Ở tuổi gần 70, nhiều người già ở xã Tam Quang - Tương Dương vẫn tiếp tục gánh vác công việc của người bố, người mẹ.Ảnh - Mỹ Hà5
À près de 70 ans, de nombreuses personnes âgées de la commune de Tam Quang, dans le district de Tuong Duong, continuent de prendre soin de leurs parents. Photo : My Ha

Comme les enfants sont encore jeunes, à un âge où ils devraient jouer et étudier, malgré leurs presque 70 ans, les deux grands-parents assument simultanément de nombreux rôles : grands-parents, parents et tuteurs des enfants à l’école. Le maigre salaire du grand-père – mineur retraité – doit également servir à subvenir aux besoins des enfants, car l’argent que leurs parents envoient à la maison chaque mois est très faible.

Mme Nguyen Thi Thao a ajouté : « Je commence généralement chaque journée à 4h30 du matin pour préparer les repas des enfants avant qu’ils ne partent à l’école. Outre les soucis liés aux livres, aux frais de scolarité, aux vêtements et aux frais d’hospitalisation lorsqu’ils sont malades, les grands-parents doivent également encourager les enfants à étudier. »

Giáo viên Trường Tiểu học Tam Quang 2 trò chuyện, hỗ trợ những gia đình có cháu ở với ông bà.Ảnh - Mỹ Hà4
À l'école primaire Tam Quang 2, les enseignants discutent avec les familles dont les enfants vivent chez leurs grands-parents et leur apportent leur soutien. Photo : My Ha

À l'école primaire Tam Quang 2, plus de la moitié des parents travaillent loin de chez eux, et il est fréquent que les enfants soient laissés à la maison avec leurs grands-parents, comme c'est le cas pour la famille de Mme Nguyen Thi Thao. Mme Nguyen Thi Thuong, institutrice de la classe 2A, raconte : « Je vois rarement les parents de mes élèves, car la plupart des réunions parents-professeurs sont suivies par les grands-parents. Les enfants sans parents sont très désavantagés, car la plupart des grands-parents sont âgés et ne peuvent pas superviser de près les études de leurs enfants. »

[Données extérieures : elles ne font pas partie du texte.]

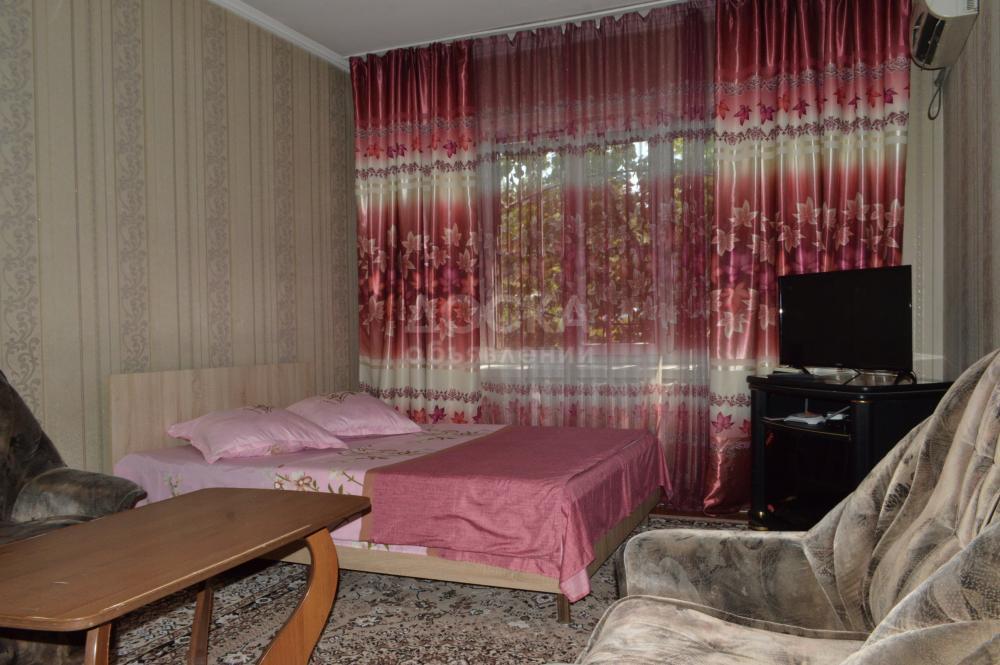 Сдаю 2-комнатную квартиру, 48кв. м., этаж - 3/9, Восток-5.
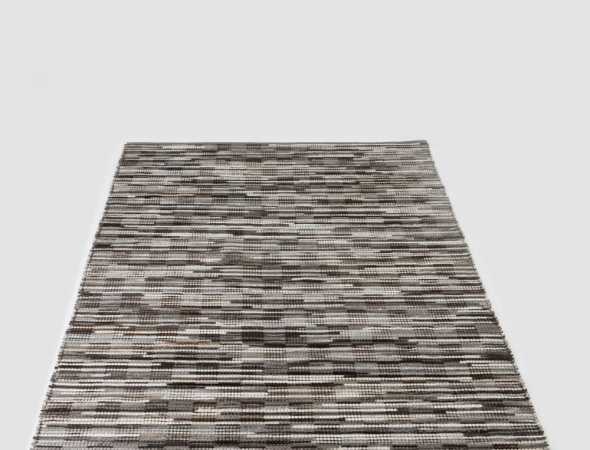 שטיח העשוי עור פרה אשר משדרג כל חלל בשל ייחודיותו העיצובית.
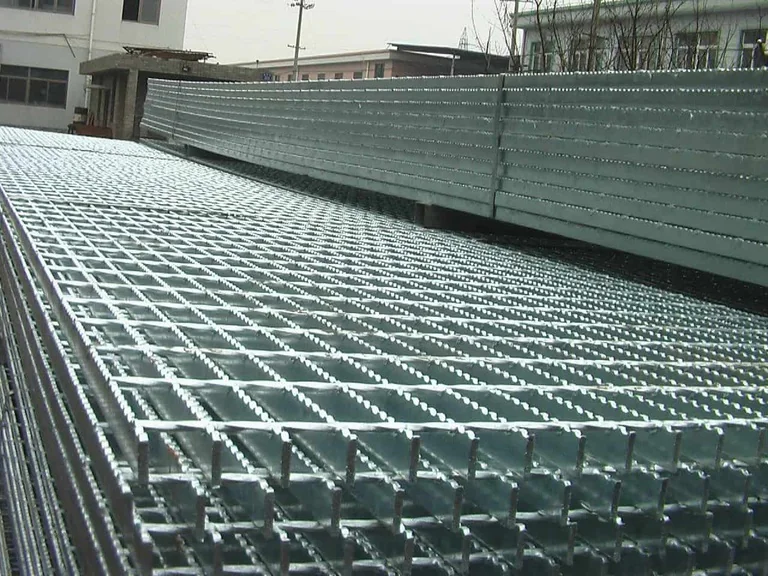 Về sản phẩm mà chúng tôi đang cung cấp tới các khách hàng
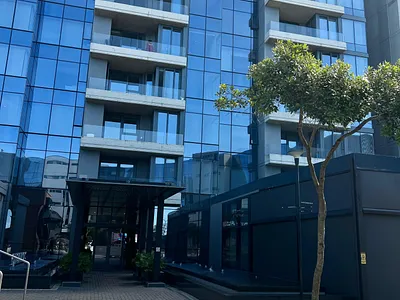 2 Bedroom Apartment For Sale in Umhlanga - SxJ5.webp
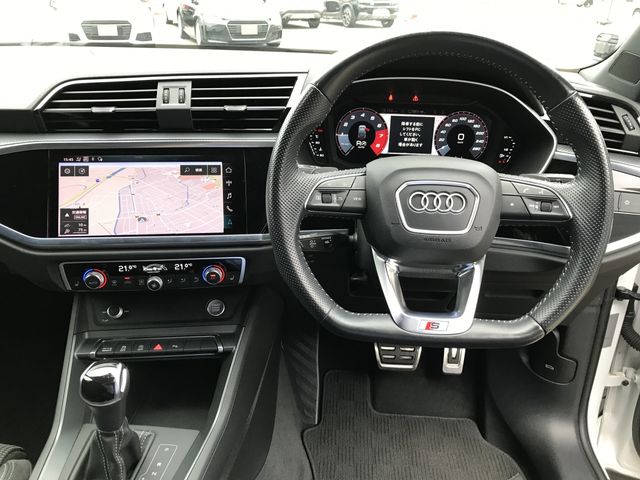Audi Q3 2020-09 9469-18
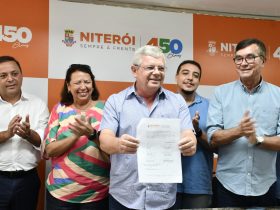 <strong>Prefeitura de Niterói assina ordem de início das obras de macrodrenagem em Charitas</strong>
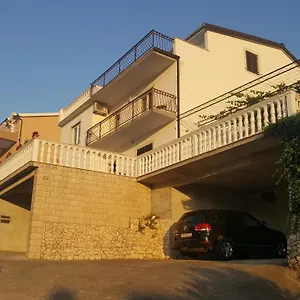 https://apartments-zuzul-trogir.hotels-in-trogir.com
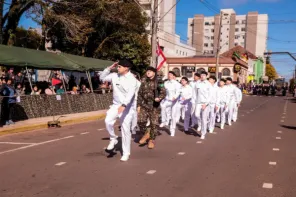 Milhares de pessoas acompanham Desfile de 7 de Setembro em Cruz Alta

La commune de Tam Quang compte environ 2 000 personnes en âge de travailler, mais près de 1 200 d'entre elles sont parties travailler ailleurs, principalement dans les provinces du sud. Mme Kha Thi Hien, présidente du Comité populaire de la commune de Tam Quang, a également constaté : « Après le cinquième jour du Têt (Nouvel An lunaire), la commune est complètement déserte. » La population restante est principalement composée de personnes âgées et d'enfants. Les conditions économiques y sont toujours difficiles ; l'agriculture seule ne suffit pas à nourrir la population. Il est donc compréhensible que les habitants choisissent de travailler ailleurs, ce qui a permis une amélioration de l'économie et la construction de logements plus spacieux. Cependant, le départ des parents pour le travail, et notamment le fait de laisser leurs enfants aux grands-parents, a de nombreuses conséquences négatives.

Giáo viên Trường PT DTBT THCS Lượng Minh - Tương Dương phụ đạo, bồi dưỡng cho các học sinh ở xa gia đình. Ảnh - Mỹ Hà
À l'école secondaire interne ethnique Luong Minh de Tuong Duong, les enseignants dispensent du soutien scolaire et des cours de perfectionnement aux élèves vivant loin de leur famille. Photo : My Ha

D'après les statistiques du district de Tuong Duong, près de 10 000 personnes en âge de travailler sont actuellement employées loin de leur domicile. La plupart de ces travailleurs quittent leur ville natale pour travailler dans les provinces du nord, les Hauts Plateaux du Centre et les provinces du sud, laissant leurs enfants à la charge de leurs grands-parents ou d'autres membres de leur famille.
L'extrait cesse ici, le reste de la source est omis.